If we really want to avoid latency for high-priority jobs, we’ll have to do better than a driver-managed command buffer queue in software. Fortunately, there’s a few possible ways that we could do better with some changes to the GPU hardware. Probably the most obvious option would be to modify the command processor so that it can support switching to a different command buffer before its current stream has finished. If it were able to do this in between individual commands, then we would call this command-level preemption. This sounds nice in theory, but depending on the specifics of the GPU it can get a bit complicated. You’d have to be careful to ensure that any of your synchronization commands will continue to work if preemption occurs between the dispatch and the following wait/flush command. On top of that, you would still have the same issues regarding saving and restoring GPU state when preemption occurs. Even if you get this working, your preemption latency is still going to depend on the maximum length of a wait/flush command, which in turn is going to be dictated by the maximum length of a single Draw or Dispatch. This means that if your high-priority command buffer gets submitted right as the GPU is cranking through an expensive full-screen pass (for instance, the tiled lighting compute shader in a deferred renderer), the high-priority submission might end up waiting a while before it can run.

Alternatively, another option to improve preemption latency would be to leverage the multiple command processors on a GPU like the newer MJP-4000. With multiple command processors, an app with heavy GPU workloads could hog one of the command processors all it wants, and a high-priority app could use one of the free command processors to sneak in some work without the other app even noticing.  To do this effectively, we just need to tweak the rules that the thread queues will utilize for sharing the shader cores:

  • If only one queue has pending threads and there are any empty shader cores, the queue will fill up those cores with work until there are no cores left

  • If both queues have work to do and there are empty cores, those cores are split up based on the priority of the submissions being processed. If one queue has high-priority work and the other doesn’t, then the threads from the high-priority dispatch fill up as many shader cores as they can, with any remaining cores going to the threads from the other queue. If both queues have work with the same priority, then the cores are split evenly and assigned threads from both thread queues (if there’s an odd number of cores available, the top queue gets the extra core)
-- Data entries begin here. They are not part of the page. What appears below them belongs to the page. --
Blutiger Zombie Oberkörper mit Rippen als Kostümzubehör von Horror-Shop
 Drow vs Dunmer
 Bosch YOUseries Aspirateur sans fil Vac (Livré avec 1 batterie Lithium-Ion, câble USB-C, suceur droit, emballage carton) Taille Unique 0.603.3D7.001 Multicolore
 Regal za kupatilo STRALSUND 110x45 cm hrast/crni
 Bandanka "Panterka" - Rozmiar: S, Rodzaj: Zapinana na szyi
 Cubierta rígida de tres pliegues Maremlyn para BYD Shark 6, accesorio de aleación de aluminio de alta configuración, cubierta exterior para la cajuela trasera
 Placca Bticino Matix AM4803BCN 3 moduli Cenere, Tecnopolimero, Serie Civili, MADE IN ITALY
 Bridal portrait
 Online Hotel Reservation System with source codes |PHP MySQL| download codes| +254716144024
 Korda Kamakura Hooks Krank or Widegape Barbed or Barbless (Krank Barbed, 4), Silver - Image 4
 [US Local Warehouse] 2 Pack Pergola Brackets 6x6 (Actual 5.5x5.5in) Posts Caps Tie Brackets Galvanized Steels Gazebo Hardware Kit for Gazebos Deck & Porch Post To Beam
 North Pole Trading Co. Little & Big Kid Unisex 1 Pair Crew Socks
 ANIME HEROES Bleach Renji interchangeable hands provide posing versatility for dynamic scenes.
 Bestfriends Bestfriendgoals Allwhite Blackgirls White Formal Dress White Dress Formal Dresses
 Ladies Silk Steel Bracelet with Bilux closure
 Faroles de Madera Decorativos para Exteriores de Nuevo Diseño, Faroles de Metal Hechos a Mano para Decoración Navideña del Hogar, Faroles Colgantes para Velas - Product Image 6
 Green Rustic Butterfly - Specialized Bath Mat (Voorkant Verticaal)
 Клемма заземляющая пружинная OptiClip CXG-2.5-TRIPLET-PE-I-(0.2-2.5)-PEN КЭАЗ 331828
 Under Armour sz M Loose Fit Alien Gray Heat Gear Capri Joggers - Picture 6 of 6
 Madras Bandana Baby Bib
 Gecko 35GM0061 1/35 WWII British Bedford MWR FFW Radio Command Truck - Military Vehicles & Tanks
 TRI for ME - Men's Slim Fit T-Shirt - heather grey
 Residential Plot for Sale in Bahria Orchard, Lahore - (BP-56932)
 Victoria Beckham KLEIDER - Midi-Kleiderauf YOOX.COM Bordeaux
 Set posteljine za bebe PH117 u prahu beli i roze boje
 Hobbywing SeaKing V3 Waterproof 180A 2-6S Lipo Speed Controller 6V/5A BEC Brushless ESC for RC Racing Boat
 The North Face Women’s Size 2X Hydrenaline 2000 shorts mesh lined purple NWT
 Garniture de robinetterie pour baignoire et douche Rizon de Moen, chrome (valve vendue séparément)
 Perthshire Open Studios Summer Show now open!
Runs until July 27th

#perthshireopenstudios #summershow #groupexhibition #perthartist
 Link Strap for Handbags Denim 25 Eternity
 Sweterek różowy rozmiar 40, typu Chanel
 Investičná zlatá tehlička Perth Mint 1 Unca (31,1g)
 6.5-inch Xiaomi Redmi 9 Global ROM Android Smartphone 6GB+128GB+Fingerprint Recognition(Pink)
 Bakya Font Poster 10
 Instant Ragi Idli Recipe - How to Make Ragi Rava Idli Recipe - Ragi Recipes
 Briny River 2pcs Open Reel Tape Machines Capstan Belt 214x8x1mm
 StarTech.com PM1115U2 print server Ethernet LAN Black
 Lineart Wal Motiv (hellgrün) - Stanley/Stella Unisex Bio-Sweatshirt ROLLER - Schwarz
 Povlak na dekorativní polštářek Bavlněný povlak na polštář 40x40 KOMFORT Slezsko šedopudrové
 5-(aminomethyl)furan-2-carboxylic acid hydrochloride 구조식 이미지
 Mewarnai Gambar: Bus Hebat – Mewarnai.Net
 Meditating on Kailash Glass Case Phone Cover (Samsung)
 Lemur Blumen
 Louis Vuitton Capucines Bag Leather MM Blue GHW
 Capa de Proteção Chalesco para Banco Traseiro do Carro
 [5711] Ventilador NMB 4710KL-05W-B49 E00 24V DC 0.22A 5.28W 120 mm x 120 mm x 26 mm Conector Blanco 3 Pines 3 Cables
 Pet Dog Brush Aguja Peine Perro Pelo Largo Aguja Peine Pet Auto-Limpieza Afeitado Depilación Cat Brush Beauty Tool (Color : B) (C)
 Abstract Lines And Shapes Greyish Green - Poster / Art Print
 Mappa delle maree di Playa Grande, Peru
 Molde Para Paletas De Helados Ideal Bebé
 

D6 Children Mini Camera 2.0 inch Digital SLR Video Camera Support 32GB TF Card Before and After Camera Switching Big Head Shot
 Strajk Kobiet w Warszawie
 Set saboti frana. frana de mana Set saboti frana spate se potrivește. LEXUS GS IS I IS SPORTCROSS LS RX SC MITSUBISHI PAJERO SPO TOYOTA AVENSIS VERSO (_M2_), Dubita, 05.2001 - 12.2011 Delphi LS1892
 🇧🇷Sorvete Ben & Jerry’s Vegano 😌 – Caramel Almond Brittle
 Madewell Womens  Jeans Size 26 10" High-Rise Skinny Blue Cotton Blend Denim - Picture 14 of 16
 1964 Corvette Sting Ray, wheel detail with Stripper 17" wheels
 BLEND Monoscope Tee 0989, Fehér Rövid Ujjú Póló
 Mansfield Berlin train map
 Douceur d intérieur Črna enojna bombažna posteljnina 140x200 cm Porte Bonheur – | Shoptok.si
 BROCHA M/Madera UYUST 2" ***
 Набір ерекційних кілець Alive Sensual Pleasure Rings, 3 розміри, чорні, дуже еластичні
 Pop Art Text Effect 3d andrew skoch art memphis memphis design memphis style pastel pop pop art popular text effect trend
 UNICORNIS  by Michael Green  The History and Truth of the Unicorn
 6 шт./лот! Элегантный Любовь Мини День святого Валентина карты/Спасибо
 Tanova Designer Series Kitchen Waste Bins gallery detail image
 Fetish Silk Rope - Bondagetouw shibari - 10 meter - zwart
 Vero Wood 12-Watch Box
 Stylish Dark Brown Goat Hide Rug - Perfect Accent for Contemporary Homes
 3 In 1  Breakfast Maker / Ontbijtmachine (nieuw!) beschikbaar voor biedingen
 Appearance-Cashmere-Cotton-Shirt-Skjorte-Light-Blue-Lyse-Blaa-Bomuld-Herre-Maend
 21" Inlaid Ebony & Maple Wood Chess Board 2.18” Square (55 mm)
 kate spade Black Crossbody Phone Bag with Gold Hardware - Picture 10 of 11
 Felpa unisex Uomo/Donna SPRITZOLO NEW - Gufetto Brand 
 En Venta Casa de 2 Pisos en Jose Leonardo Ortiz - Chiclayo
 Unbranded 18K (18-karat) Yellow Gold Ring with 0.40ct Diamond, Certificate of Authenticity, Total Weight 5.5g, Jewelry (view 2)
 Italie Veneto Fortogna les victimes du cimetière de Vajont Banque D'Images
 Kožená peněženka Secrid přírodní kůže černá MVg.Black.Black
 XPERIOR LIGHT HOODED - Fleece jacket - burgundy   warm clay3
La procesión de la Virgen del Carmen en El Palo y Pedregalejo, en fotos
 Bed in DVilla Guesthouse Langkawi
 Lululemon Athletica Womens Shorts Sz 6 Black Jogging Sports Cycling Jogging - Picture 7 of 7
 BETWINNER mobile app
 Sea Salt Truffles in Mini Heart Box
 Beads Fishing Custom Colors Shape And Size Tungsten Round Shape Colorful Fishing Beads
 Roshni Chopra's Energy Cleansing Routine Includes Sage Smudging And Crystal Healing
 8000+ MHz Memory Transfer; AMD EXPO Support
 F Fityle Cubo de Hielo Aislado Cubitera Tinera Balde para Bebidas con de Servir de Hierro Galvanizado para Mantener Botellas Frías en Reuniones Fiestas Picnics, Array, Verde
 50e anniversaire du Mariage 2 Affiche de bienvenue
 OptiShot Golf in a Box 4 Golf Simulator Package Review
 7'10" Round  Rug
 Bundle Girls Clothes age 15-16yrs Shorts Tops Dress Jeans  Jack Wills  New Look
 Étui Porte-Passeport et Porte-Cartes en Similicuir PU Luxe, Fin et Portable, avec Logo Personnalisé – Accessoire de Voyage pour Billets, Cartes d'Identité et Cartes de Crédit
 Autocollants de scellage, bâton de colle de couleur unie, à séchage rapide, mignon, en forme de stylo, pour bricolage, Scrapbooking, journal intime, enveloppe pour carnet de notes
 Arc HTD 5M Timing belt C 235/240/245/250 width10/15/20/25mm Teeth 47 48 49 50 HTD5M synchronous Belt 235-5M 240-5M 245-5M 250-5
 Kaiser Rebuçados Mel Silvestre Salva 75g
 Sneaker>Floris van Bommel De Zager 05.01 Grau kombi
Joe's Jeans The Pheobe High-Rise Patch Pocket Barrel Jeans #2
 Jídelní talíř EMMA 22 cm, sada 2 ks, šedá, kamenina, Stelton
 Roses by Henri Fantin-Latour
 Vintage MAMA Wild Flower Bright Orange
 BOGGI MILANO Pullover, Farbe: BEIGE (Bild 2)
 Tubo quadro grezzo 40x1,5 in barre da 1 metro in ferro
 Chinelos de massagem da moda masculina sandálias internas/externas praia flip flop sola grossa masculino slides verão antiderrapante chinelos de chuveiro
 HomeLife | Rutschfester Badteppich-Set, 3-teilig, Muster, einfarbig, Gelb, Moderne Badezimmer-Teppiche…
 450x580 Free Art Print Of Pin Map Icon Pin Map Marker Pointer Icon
  • Threads always run to completion once assigned to a shader core, which means pending threads can’t interrupt them

Let’s now take a look at how this would work out in practice. In the following example, app A will launch 80 threads of shader A (red), which take about 100 cycles for each thread to finish. About 250 cycles into this process, app B will submit a high-priority command buffer that will dispatch 16 threads of shader B (green), which also take about 100 cycles to complete:

Thanks to the additional command processor and thread queue, the high-priority dispatch is able to enqueue its threads immediately in the second thread queue. This allows the threads to start executing about 200 cycles earlier than if it had to wait for dispatch A to completely finish, which demonstrates that we’ve successfully reduced latency for the high-priority task. Unfortunately dispatch B still had to spend about 50 cycles enqueued before its threads start executing on the shader cores, since the hardware has no ability preempt threads that have already started running. Therefore we can consider this to be thread-level preemption, since the granularity is equivalent to the length of a thread’s execution. However it’s important to note that since our fictional GPU has many shader cores (just like real GPU’s, which can have thousands), in some cases there’s no need for preemption at all. For instance, imagine if dispatch A and dispatch B both had 8 threads: in that case both dispatches could perfectly overlap with each other, essentially allowing ideal latency for the high-priority job without affecting the latency of the low-priority job. Therefore we would probably want to illustrate the CPU/GPU timeline like this:

multi_app_multi_queue

While it’s obvious how this could be useful for the case of an app like the Oculus compositor that needs to run its own high-priority job, it could also be useful within the context of a single app that wants to use the GPU for things other than graphics. Let’s say that a game wants to run some physics calculations on the GPU during its simulation update phase while the GPU is simultaneously running rendering commands from the previous frame. It wouldn’t be so great if the physics system had to wait around for a frame or so to get its results back from the GPU, and so it would make sense to submit a high-priority job to the extra command processor so that it can execute quickly.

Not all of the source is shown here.